Nach versuchter Brandstiftung: Gericht ordnet Unterbringung in Psychiatrie an

Wtotal/CCA



Wuppertal. Ein 34-jähriger Mann aus Wuppertal ist nach einer Entscheidung des Landgerichts in einem psychiatrischen Krankenhaus untergebracht worden. Hintergrund sind mehrere Vorfälle, die auf eine schwerwiegende psychische Erkrankung zurückgeführt werden.
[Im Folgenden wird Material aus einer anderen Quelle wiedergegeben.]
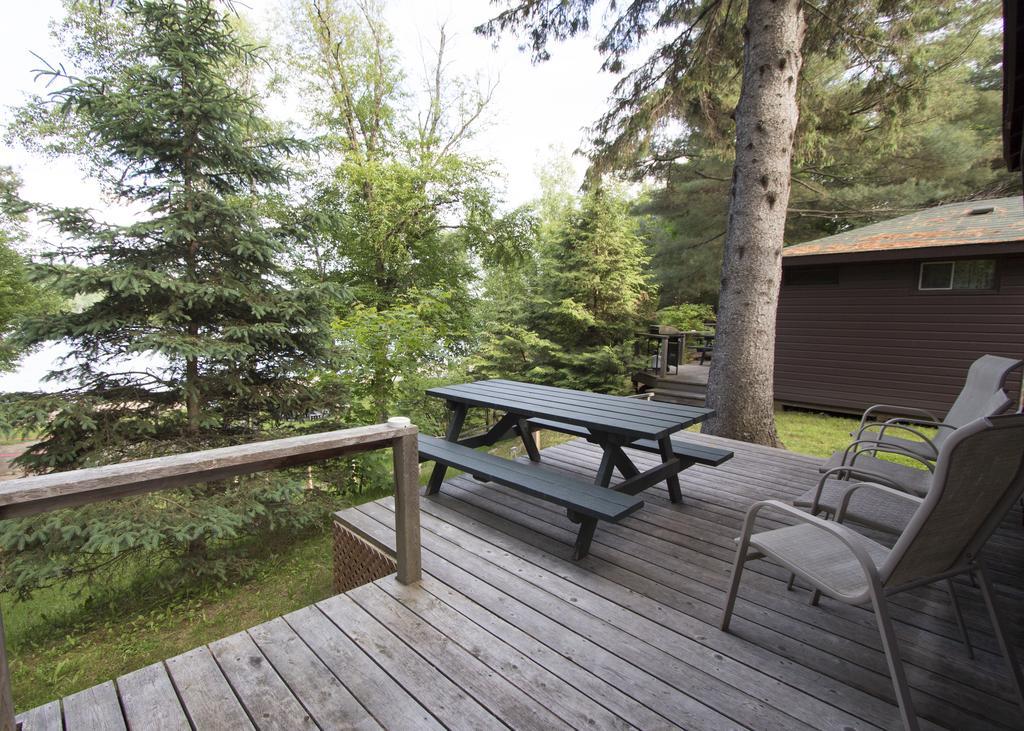 The Pines Cottage Resort Oxtongue Lake Экстерьер фото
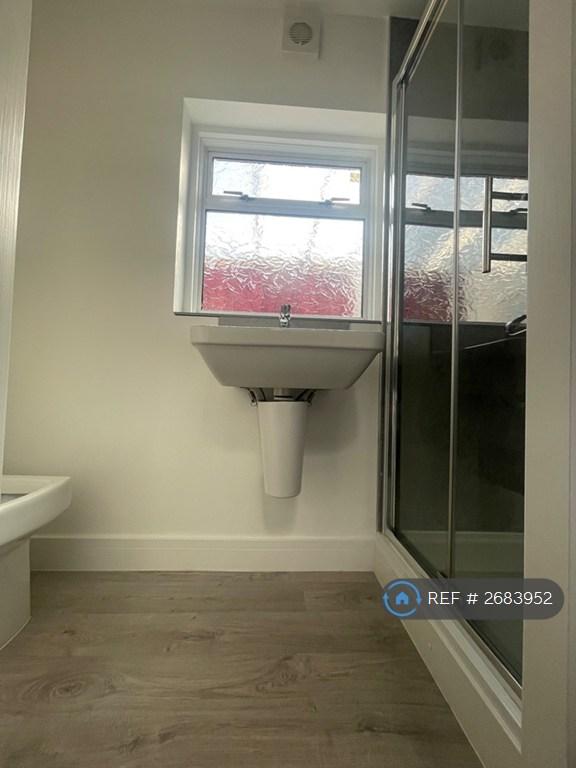 Studio flat in London, London, N18 (#2683952)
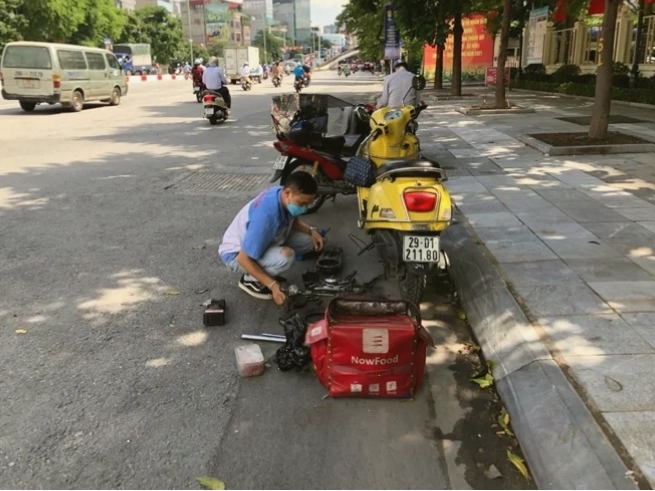 Thợ sửa xe máy chuyên nghiệp đang kiểm tra xe tại thành phố Hồ Chí Minh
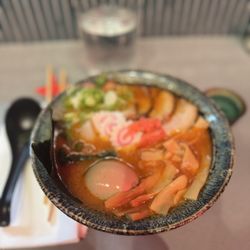 Paper Crane - Tonkotsu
Nach den Feststellungen der Staatsanwaltschaft soll der Mann vor rund sechs Monaten versucht haben, ein Wohnhaus in Brand zu setzen. Demnach schaltete er in seiner Küche sämtliche Herdplatten ein und platzierte darauf mehrere Kunststoffgegenstände. Anschließend verließ er das Gebäude. Ein Brand konnte nur verhindert werden, weil ein Angehöriger die Situation rechtzeitig bemerkte, die Herdplatten ausschaltete und die Feuerwehr alarmierte.

Bereits einen Tag später kam es zu einem weiteren Vorfall: Der Beschuldigte soll einen flüchtigen Bekannten mit einem Messer verletzt haben.

Im Verlauf des Verfahrens wurde deutlich, dass der Mann zum Tatzeitpunkt aufgrund einer psychischen Erkrankung als schuldunfähig einzustufen ist. Das Gericht folgte dieser Einschätzung und ordnete seine dauerhafte Unterbringung in einer psychiatrischen Einrichtung an.